TASK TO CARRY OUT » Exact copy, no pictures: return all the data below as written.

[Scraped caption text data]
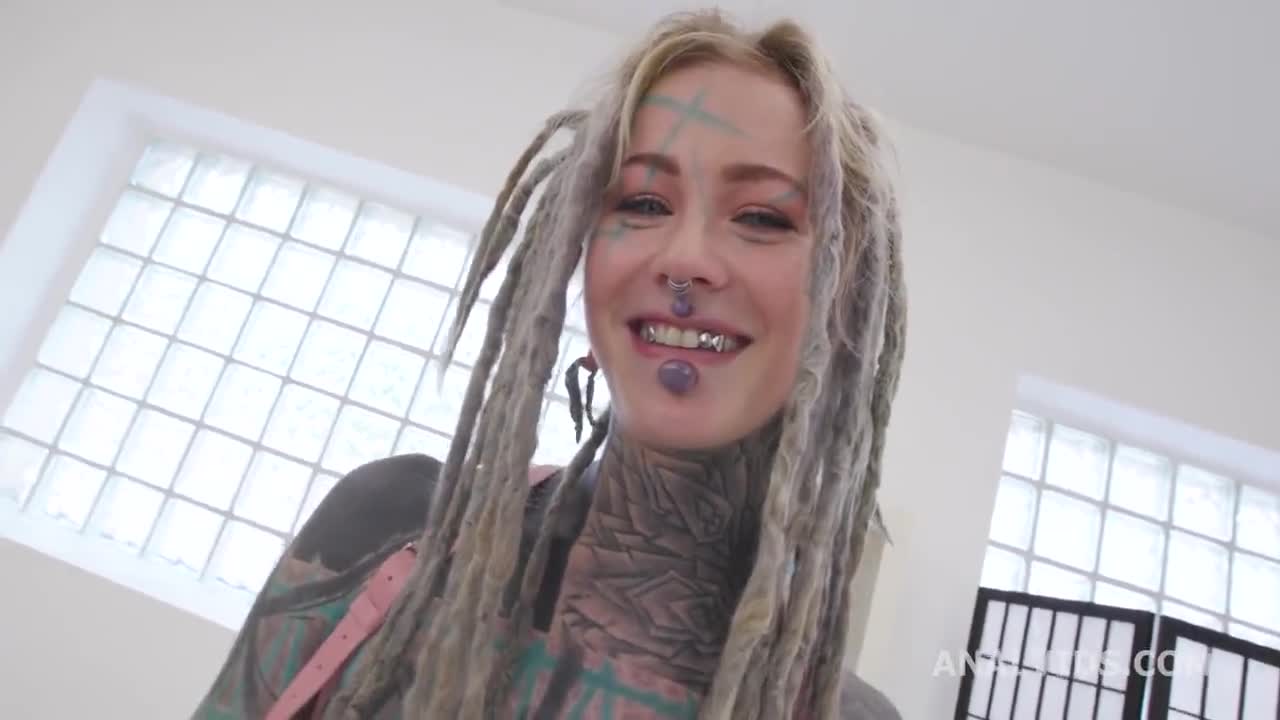 Watch Super tattooed woman doing anal acrobatics Porn Video - ePornSup.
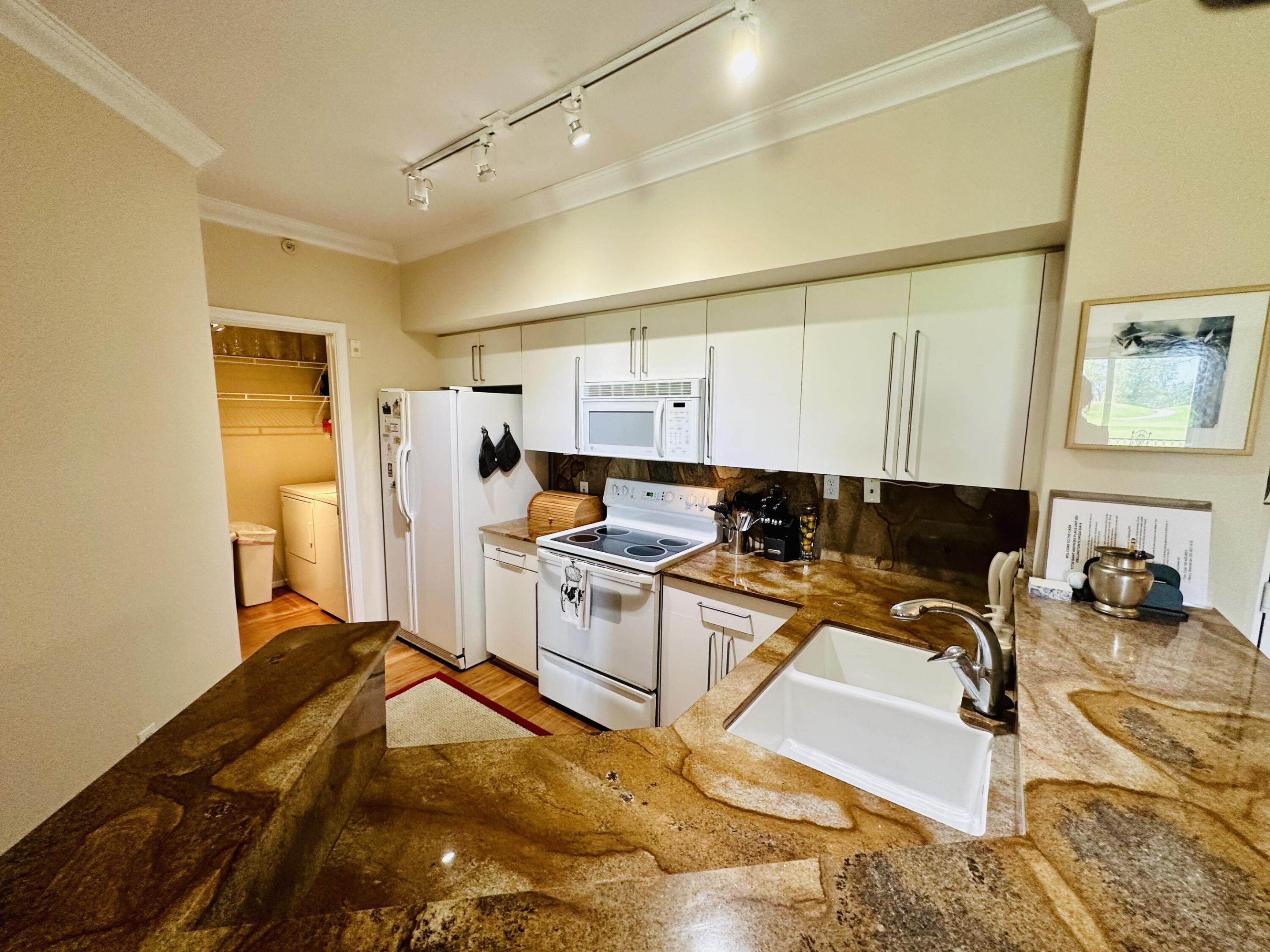 ST ANDREWS AT POLO CLUB CONDO - Residential Lease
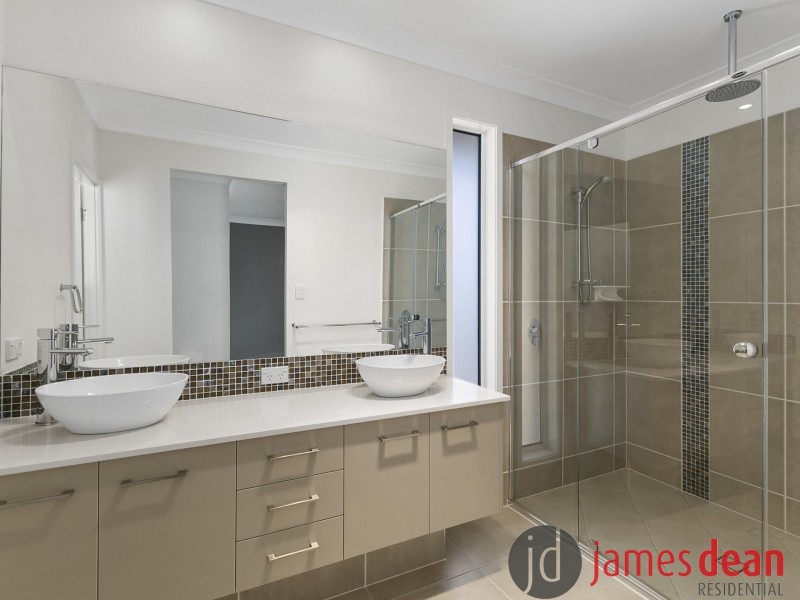 53 Schooner Circuit, Manly West QLD 4179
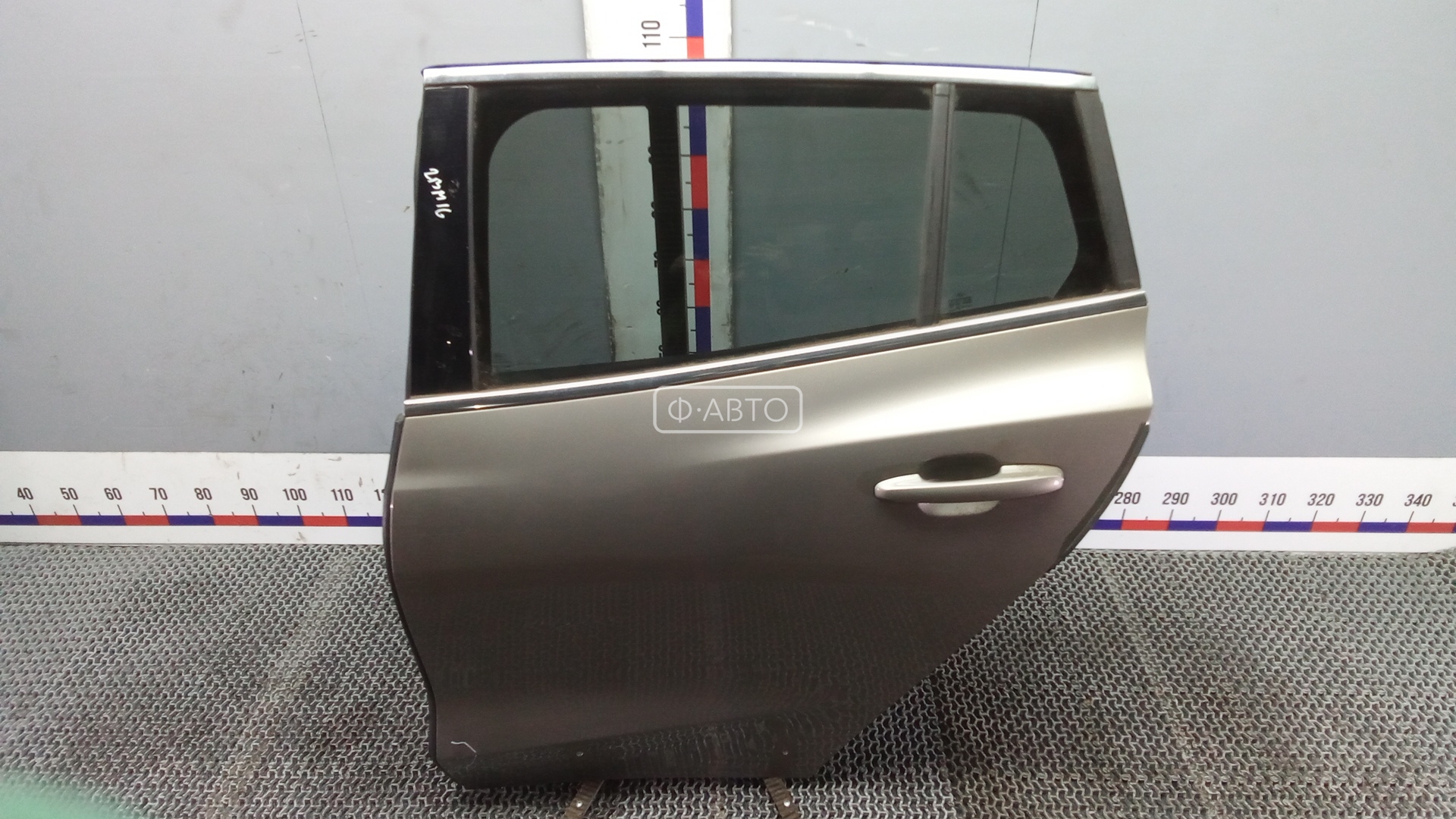 Дверь задняя левая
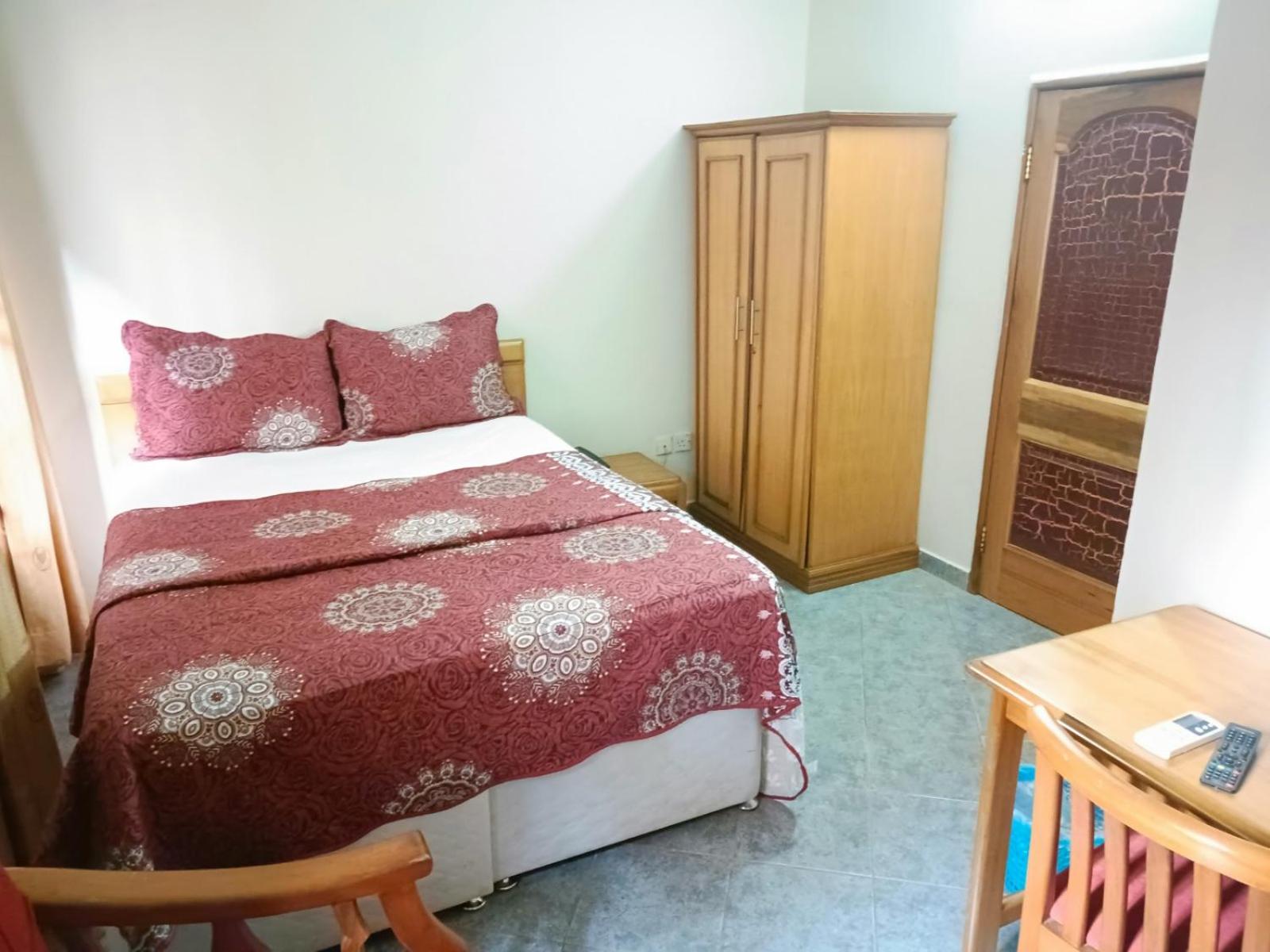 Budget Single Room photo 3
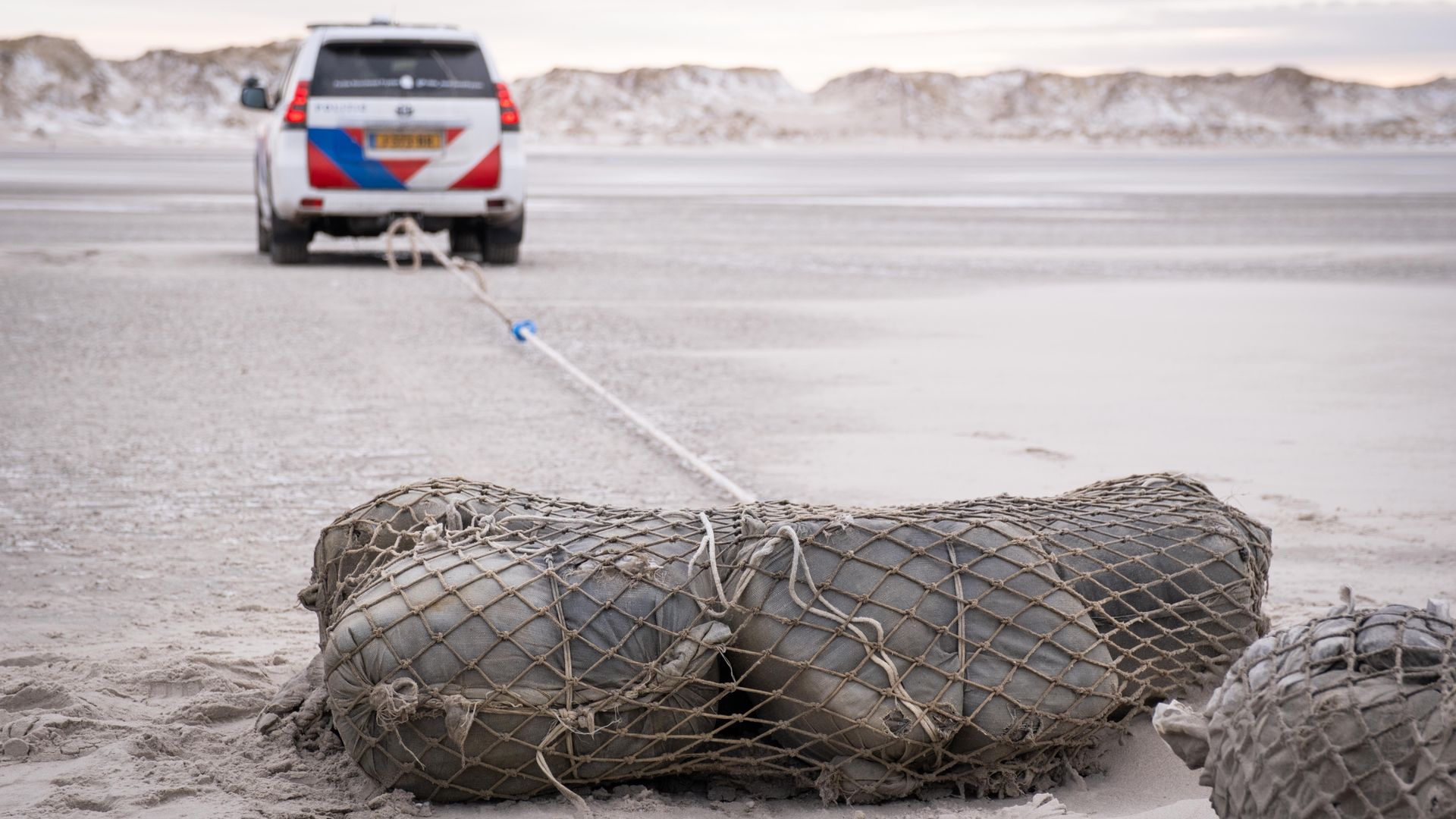 Grote pakketten met mogelijk drugs aangespoeld op Terschelling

ANSWER TO THE EXERCISE »
 Watch Super tattooed woman doing anal acrobatics Porn Video - ePornSup.
 ST ANDREWS AT POLO CLUB CONDO - Residential Lease
 53 Schooner Circuit, Manly West QLD 4179
 Дверь задняя левая
 Budget Single Room photo 3
 Grote pakketten met mogelijk drugs aangespoeld op Terschelling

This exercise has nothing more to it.